• _The problem_
Beginning at the line that contains "Before creating a", reproduce the entries below exactly, ending with the line that contains "So there's lots". Omit each picture.

• _Exercise data_
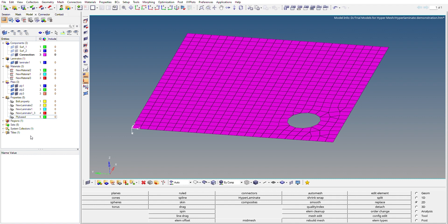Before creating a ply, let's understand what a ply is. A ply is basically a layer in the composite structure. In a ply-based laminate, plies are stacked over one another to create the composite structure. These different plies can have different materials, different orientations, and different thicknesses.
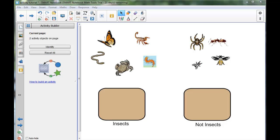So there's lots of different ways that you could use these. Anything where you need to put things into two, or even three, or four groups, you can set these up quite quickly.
...
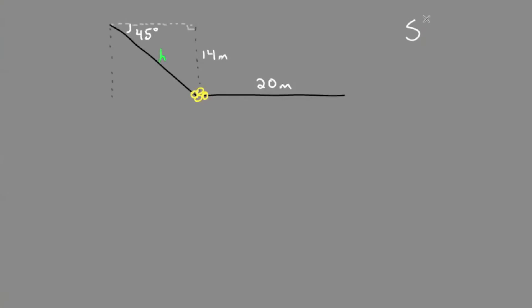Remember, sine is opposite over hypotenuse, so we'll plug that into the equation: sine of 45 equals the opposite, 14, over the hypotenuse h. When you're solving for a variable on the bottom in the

• _Answer to the problem_
Before creating a ply, let's understand what a ply is. A ply is basically a layer in the composite structure. In a ply-based laminate, plies are stacked over one another to create the composite structure. These different plies can have different materials, different orientations, and different thicknesses.
So there's lots of different ways that you could use these. Anything where you need to put things into two, or even three, or four groups, you can set these up quite quickly.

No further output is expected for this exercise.